◆ WHAT IS NEEDED
Read through the lines below and copy the ones holding the string "Used".

◆ INPUT DATA
● ● ● ● ● ● ●
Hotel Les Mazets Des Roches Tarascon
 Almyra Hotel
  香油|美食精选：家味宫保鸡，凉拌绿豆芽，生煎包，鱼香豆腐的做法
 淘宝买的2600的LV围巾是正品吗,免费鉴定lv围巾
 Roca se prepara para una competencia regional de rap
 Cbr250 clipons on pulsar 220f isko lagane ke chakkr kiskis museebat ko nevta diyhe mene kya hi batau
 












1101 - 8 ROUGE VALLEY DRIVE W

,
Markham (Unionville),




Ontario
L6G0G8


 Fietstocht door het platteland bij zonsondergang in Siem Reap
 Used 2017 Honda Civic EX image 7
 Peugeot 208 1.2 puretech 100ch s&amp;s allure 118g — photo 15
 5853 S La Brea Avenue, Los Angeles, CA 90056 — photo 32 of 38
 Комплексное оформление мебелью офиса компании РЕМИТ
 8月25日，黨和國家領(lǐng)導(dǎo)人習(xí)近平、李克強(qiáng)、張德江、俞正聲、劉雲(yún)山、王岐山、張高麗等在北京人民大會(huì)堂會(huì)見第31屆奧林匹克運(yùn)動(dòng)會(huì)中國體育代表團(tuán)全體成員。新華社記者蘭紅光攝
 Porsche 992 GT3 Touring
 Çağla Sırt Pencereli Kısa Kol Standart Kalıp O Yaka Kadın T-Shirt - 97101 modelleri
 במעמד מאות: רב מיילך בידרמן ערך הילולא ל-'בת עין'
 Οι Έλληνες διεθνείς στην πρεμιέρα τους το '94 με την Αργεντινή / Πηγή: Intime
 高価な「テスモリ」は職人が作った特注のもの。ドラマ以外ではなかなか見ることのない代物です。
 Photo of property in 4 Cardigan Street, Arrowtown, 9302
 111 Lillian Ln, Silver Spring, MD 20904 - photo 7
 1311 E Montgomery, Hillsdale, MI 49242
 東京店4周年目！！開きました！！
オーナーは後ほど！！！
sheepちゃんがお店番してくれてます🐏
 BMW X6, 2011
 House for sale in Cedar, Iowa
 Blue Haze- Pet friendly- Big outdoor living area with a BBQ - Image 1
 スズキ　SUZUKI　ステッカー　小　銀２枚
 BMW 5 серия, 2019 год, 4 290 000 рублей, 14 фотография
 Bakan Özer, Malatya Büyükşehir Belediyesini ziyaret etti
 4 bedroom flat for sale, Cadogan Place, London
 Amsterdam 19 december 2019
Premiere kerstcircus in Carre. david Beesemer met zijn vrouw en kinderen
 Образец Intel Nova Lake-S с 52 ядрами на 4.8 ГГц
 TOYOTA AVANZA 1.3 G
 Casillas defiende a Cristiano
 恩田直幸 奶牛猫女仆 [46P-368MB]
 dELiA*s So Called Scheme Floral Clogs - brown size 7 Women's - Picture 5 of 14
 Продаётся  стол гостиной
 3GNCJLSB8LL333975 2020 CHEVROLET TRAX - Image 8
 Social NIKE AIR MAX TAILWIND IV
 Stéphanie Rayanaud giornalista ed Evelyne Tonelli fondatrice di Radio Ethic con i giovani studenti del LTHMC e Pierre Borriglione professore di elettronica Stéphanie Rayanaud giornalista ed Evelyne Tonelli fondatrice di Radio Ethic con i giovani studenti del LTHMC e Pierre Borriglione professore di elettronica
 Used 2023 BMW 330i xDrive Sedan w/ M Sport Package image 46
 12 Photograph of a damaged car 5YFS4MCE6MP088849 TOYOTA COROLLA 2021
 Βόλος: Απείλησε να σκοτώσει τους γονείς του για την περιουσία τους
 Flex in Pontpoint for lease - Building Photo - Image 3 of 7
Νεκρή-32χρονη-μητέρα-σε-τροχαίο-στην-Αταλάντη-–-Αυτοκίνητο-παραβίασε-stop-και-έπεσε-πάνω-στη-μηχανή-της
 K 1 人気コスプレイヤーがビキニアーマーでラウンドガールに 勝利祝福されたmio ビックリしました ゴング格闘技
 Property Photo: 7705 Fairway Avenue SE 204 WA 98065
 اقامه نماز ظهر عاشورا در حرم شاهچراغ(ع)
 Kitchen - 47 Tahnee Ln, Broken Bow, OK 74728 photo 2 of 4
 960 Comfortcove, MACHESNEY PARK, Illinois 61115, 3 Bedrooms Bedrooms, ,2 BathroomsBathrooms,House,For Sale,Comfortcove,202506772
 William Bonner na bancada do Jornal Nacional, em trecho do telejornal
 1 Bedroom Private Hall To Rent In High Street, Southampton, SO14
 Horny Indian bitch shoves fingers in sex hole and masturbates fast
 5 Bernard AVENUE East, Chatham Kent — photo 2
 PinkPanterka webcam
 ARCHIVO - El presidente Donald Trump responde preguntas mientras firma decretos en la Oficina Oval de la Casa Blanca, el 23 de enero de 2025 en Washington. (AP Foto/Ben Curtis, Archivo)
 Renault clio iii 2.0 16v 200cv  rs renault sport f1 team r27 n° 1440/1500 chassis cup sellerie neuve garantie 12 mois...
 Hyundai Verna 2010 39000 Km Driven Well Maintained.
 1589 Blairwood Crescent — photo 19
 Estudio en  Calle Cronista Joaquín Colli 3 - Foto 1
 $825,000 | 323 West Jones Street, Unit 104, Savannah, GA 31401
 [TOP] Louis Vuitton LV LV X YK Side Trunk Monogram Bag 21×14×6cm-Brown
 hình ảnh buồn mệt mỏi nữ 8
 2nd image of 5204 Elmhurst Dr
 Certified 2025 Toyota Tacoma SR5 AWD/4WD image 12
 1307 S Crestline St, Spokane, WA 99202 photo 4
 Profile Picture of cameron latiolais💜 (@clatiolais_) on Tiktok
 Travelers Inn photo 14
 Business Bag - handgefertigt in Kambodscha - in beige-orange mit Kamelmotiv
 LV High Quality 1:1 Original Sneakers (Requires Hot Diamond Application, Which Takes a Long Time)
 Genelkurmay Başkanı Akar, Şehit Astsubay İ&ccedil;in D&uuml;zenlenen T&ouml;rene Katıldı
● ● ● ● ● ● ●
◆ RESPONSE BELOW
 Used 2017 Honda Civic EX image 7
 Used 2023 BMW 330i xDrive Sedan w/ M Sport Package image 46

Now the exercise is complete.